Imaginen un chico gay o una chica, que descubren su sexualidad a temprana edad y es el centro de las críticas, además del efecto psicológico interior, lo pasa mal, ha de ocultarse de las miradas de los compañeros de clase, por miedo a represalias, por miedo a consecuencias, incluso ha de reprimirse y ocultarse por miedo a Ser cadao por otros del armario… lo vemos en el deporte de élite, en la calle día a ´dia, cada cuál debería tener libertad para decidir si ante el mundo quiere salir o no del armario…
La educación en valores es clave, y el respeto por la diversidad debería ser clave, pero todo lo resolvemos con grandes y caras campañas que pierden gran parte de su dinero en estudios de publicidad y en estamentos creados para no se sabe muy bien qué.
La educación de los migrantes
Cabe recordar que en más de 100 países del mundo la homosexualidad sigue considerada delito y en más de 50 la condena por ser homosexual es la muerte…
Con esta idea miles de migrantes acuden a nuestro país y siguen sus reglas, así, el fanatismo religiosos les ha inculcado que una mujer que se perfuma es una presunta zorra o que piden a gritos ser violadas por llevar un pantalón muy corto… Un fanatismo que ha hecho mella en muchos de ellos.
En el caso que nos ocupa gran cantidad de migrantes que vienen a nuestro país continúan creyendo que la homosexualidad es una enfermedad o perversión y que tienen derecho a pegar y maltratar a estas personas sólo por el hecho de ser diferentes, pues no.
Alguien debería exigir un cursillo de convivencia social para aquellas personas que tengan un permiso de trabajo o residencia, un cursillo de normas básicas donde se les enseñe que aquí las mujeres no son tratadas como objeto y que se les debe el mismo respeto que a un hombre y que dos chicos que van cogidos de la mano no están pidiendo a gritos una paliza.
Unos pensaran que esto es racismo, otros que menuda idiotez, pero aquel que no pase el curso y una evaluación por un profesional no debería obtener el permiso de residencia en España.
Esto es un tema candente ahora en medio de una regularización masiva de más de un millón de personas, es un millón de oportunidades perdidas para enseñarle los valores de nuestra sociedad.
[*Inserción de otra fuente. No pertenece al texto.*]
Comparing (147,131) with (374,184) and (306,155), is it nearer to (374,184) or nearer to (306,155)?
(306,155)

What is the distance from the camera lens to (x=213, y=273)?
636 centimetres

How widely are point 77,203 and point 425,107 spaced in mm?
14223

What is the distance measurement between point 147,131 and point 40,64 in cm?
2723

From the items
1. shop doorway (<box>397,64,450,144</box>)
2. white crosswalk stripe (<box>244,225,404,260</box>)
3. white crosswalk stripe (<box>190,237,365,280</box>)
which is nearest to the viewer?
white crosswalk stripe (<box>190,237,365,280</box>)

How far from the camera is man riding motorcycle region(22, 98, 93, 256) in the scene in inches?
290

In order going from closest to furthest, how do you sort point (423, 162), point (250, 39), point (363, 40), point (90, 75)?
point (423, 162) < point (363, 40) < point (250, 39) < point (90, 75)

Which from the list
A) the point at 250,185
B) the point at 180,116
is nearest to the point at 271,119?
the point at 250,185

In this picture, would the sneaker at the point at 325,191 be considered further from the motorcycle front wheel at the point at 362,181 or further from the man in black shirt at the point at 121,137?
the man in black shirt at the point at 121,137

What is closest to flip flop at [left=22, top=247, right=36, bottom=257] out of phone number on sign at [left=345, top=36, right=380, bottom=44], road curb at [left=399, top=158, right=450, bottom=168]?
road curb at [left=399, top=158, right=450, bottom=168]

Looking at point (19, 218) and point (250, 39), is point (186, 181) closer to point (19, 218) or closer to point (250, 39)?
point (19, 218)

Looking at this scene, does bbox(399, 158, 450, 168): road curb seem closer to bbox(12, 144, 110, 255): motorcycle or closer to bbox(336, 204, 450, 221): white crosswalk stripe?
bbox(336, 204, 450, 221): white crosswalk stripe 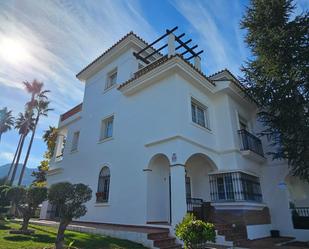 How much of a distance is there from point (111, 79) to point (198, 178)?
383 inches

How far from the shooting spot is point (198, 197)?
13.0 meters

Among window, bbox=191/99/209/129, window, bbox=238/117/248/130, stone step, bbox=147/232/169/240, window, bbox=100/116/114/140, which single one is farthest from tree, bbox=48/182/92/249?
window, bbox=238/117/248/130

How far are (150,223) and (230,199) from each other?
430cm

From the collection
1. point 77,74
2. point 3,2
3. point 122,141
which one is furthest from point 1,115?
point 3,2

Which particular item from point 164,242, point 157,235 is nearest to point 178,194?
point 157,235

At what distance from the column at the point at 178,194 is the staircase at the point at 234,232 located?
198cm

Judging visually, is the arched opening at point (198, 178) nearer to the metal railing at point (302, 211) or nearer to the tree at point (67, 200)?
the metal railing at point (302, 211)

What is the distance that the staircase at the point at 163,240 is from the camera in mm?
8312

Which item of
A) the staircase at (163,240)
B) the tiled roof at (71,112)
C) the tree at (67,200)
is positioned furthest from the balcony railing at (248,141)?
the tiled roof at (71,112)

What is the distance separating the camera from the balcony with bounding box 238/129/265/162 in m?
12.7

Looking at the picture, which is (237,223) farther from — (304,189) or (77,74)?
(77,74)

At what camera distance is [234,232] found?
33.5 ft

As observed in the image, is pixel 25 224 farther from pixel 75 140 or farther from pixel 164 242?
pixel 75 140

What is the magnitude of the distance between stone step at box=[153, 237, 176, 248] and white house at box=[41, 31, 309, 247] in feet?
1.63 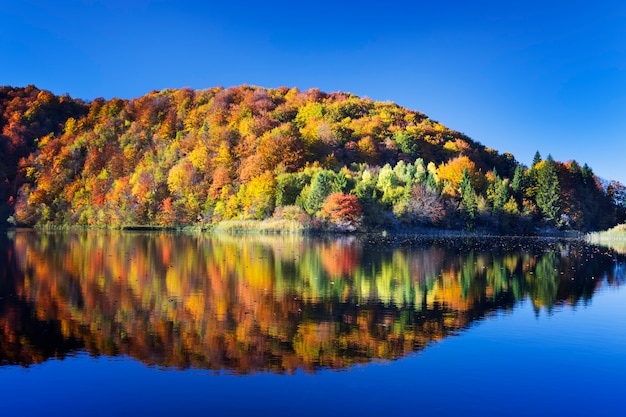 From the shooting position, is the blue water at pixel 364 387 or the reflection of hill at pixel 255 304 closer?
the blue water at pixel 364 387

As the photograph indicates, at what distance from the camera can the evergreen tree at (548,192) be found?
87.1m

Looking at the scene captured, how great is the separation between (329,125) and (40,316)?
304 ft

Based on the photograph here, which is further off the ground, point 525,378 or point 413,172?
point 413,172

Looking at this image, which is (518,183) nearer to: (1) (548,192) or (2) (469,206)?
(1) (548,192)

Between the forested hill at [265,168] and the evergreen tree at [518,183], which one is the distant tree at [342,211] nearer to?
the forested hill at [265,168]

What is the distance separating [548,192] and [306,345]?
84975mm

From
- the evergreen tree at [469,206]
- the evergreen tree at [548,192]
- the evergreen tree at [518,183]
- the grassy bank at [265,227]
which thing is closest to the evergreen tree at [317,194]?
the grassy bank at [265,227]

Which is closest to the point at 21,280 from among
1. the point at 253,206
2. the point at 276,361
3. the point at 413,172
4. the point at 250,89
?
the point at 276,361

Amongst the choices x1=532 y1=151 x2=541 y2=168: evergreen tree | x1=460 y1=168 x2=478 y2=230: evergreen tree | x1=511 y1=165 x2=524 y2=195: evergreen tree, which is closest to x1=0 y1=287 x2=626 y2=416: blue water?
x1=460 y1=168 x2=478 y2=230: evergreen tree

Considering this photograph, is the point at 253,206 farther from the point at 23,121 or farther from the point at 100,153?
the point at 23,121

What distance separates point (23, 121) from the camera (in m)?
127

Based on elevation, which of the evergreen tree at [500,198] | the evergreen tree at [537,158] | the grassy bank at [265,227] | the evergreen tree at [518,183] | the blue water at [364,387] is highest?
the evergreen tree at [537,158]

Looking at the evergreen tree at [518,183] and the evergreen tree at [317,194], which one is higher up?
the evergreen tree at [518,183]

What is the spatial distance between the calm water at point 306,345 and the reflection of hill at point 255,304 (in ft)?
0.25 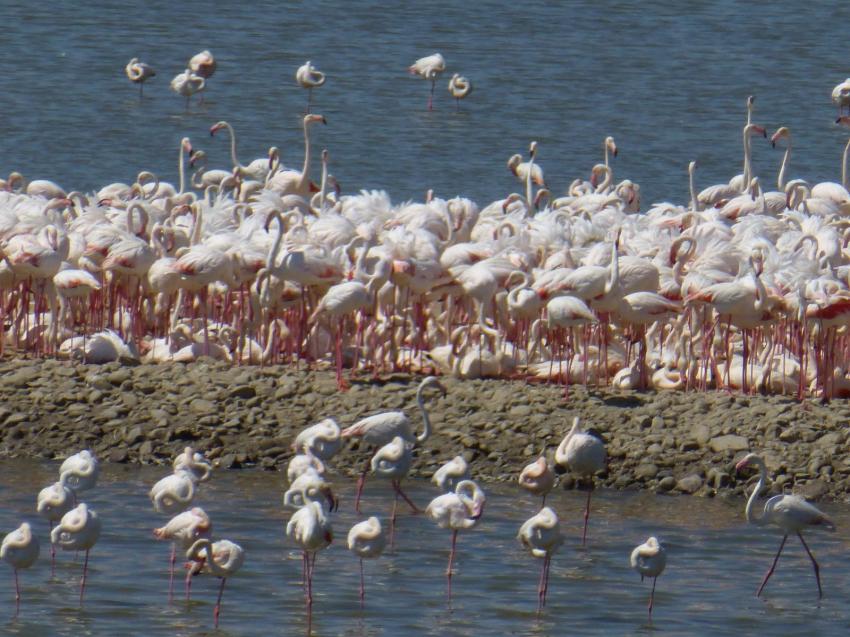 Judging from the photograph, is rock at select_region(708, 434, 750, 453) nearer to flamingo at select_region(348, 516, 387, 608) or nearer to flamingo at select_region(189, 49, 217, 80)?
flamingo at select_region(348, 516, 387, 608)

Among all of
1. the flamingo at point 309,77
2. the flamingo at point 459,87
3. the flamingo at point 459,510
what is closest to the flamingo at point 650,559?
the flamingo at point 459,510

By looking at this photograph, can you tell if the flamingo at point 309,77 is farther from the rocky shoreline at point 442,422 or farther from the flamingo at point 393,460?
the flamingo at point 393,460

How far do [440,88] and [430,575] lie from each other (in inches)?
895

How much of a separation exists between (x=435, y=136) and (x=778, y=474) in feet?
55.9

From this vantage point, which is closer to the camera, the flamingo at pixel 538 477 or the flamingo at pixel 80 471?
the flamingo at pixel 80 471

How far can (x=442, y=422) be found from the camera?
13.0 m

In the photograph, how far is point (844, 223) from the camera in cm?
1530

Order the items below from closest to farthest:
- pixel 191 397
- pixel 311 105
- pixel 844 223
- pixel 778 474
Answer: pixel 778 474 < pixel 191 397 < pixel 844 223 < pixel 311 105

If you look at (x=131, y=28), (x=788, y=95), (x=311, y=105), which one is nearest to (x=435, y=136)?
(x=311, y=105)

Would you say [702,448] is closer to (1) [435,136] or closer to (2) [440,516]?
(2) [440,516]

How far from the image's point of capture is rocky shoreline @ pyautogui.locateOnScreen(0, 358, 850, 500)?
41.0 feet

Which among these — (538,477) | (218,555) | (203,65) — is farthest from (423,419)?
(203,65)

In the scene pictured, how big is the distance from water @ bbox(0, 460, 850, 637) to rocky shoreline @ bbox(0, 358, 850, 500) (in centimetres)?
20

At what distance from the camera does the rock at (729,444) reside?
40.9 ft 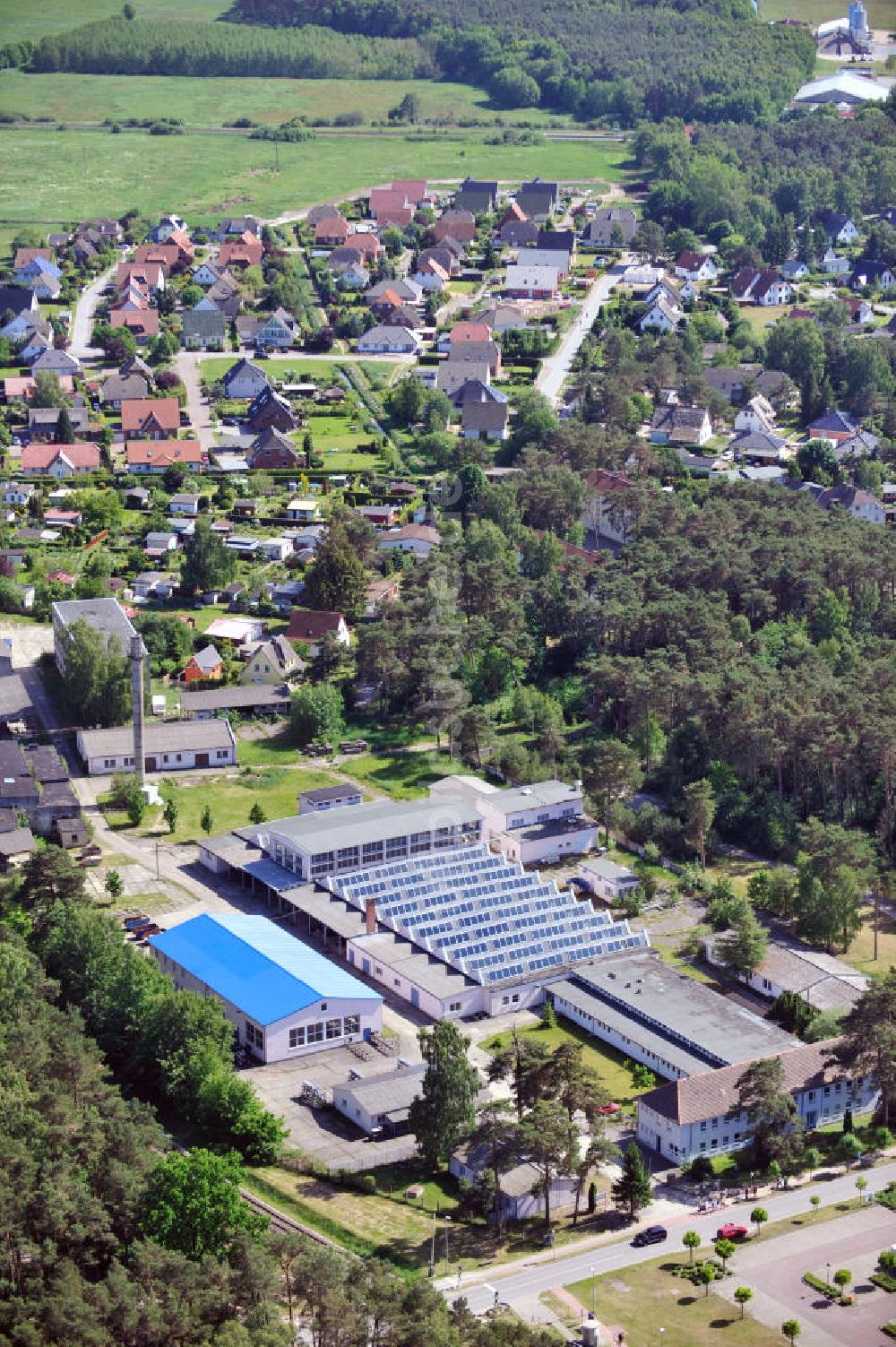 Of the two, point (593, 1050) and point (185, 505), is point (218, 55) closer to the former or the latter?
point (185, 505)

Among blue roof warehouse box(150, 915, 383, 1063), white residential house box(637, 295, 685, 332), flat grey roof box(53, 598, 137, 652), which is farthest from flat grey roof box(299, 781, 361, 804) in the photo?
white residential house box(637, 295, 685, 332)

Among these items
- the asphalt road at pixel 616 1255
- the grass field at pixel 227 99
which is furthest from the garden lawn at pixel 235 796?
the grass field at pixel 227 99

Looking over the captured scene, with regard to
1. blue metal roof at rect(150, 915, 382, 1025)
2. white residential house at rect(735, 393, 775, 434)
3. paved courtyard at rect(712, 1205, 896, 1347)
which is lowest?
paved courtyard at rect(712, 1205, 896, 1347)

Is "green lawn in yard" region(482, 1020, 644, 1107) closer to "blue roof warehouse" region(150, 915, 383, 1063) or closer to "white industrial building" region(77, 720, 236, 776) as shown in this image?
"blue roof warehouse" region(150, 915, 383, 1063)

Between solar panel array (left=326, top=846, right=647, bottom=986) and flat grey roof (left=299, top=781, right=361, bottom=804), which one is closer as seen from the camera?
solar panel array (left=326, top=846, right=647, bottom=986)

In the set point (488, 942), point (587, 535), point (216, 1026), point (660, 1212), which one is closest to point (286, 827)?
point (488, 942)

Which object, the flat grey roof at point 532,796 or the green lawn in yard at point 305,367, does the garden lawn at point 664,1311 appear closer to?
the flat grey roof at point 532,796

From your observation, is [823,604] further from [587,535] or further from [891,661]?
[587,535] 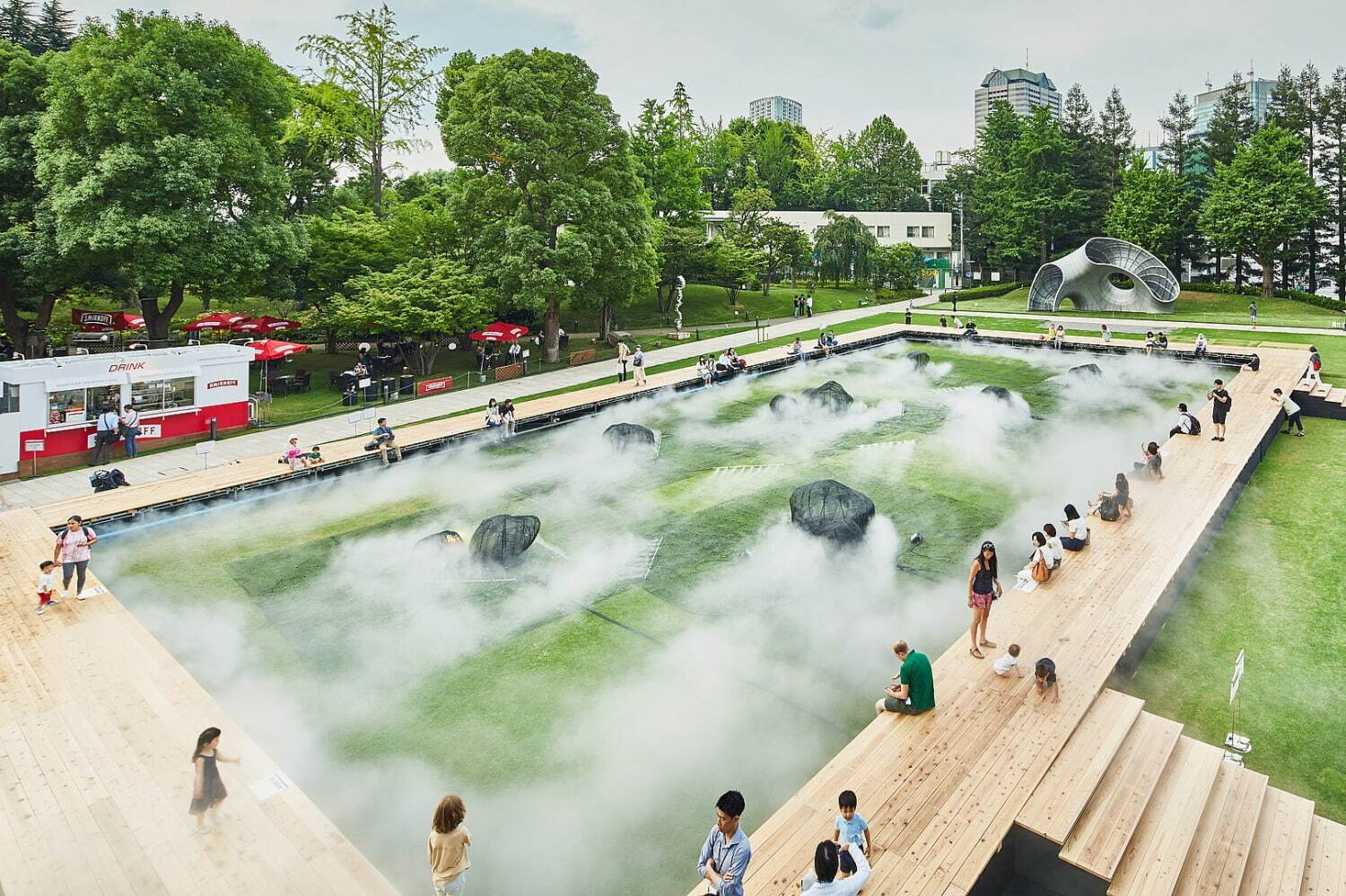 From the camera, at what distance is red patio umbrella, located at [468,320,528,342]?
34.0 meters

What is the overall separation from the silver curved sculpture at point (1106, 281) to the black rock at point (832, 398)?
31.9 m

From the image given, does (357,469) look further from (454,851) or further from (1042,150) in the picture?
(1042,150)

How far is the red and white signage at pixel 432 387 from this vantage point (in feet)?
103

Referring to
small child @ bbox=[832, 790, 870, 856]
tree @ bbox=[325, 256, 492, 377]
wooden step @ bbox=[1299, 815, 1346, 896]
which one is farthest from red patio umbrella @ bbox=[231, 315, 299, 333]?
wooden step @ bbox=[1299, 815, 1346, 896]

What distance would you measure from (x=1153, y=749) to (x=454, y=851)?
7.93m

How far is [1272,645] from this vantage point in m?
11.9

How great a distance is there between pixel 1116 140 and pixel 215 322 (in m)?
74.0

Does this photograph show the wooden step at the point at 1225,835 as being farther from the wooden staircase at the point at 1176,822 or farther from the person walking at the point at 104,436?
the person walking at the point at 104,436

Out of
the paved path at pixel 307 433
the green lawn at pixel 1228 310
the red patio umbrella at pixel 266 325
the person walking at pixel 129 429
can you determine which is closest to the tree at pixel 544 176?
the paved path at pixel 307 433

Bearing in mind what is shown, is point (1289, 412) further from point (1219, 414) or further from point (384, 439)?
point (384, 439)

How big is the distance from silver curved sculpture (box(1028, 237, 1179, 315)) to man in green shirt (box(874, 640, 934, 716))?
4868 cm

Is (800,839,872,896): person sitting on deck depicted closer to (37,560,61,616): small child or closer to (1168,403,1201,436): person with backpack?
(37,560,61,616): small child

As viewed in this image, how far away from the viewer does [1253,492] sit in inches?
725

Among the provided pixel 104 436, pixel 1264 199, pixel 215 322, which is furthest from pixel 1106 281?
pixel 104 436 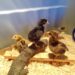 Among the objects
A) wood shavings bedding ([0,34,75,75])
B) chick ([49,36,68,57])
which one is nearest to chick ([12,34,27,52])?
wood shavings bedding ([0,34,75,75])

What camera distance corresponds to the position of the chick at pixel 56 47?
144cm

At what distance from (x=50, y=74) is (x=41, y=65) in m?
0.12

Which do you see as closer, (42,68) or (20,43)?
(42,68)

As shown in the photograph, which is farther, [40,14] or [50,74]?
[40,14]

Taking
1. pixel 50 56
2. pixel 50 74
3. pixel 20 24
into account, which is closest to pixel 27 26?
pixel 20 24

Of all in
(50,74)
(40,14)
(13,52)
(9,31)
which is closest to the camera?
(50,74)

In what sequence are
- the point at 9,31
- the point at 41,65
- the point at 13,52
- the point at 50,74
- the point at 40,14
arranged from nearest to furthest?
the point at 50,74
the point at 41,65
the point at 13,52
the point at 9,31
the point at 40,14

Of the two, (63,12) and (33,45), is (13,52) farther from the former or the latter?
(63,12)

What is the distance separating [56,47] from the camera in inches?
57.0

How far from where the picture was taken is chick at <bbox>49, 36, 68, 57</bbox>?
1443 mm

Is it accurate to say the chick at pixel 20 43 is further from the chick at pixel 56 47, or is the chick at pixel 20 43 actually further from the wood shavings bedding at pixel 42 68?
the chick at pixel 56 47

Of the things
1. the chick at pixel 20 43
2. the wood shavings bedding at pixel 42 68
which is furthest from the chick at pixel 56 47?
the chick at pixel 20 43

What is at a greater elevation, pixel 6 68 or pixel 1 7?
pixel 1 7

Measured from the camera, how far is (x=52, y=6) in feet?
6.22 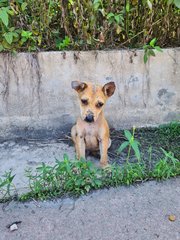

Justo las entidades LGTBIQ+ deberían estar pidiendo esto amén de las cifras de agresiones y quienes las perpetúan, porque para mí es lo mismo alguien de extrema derecha que odia a los homosexuales que un migrante que les considera inferiores, ambos al final odian a lo diferente y no entienden que todos somos personas, y todos tenemos derechos.
Por una sociedad más justa y responsable, y acabo este artículo de opinión con una reflexión que mi madre me enseñó:
«Recuerda que la familia es aquella que cuando cierras la puerta de tu casa noche se quedan dentro, da igual quienes sean, es tu familia».
Justo como yo hago cada noche con mi marido y nuestra hija peluda, la perreta, la dulce Turia.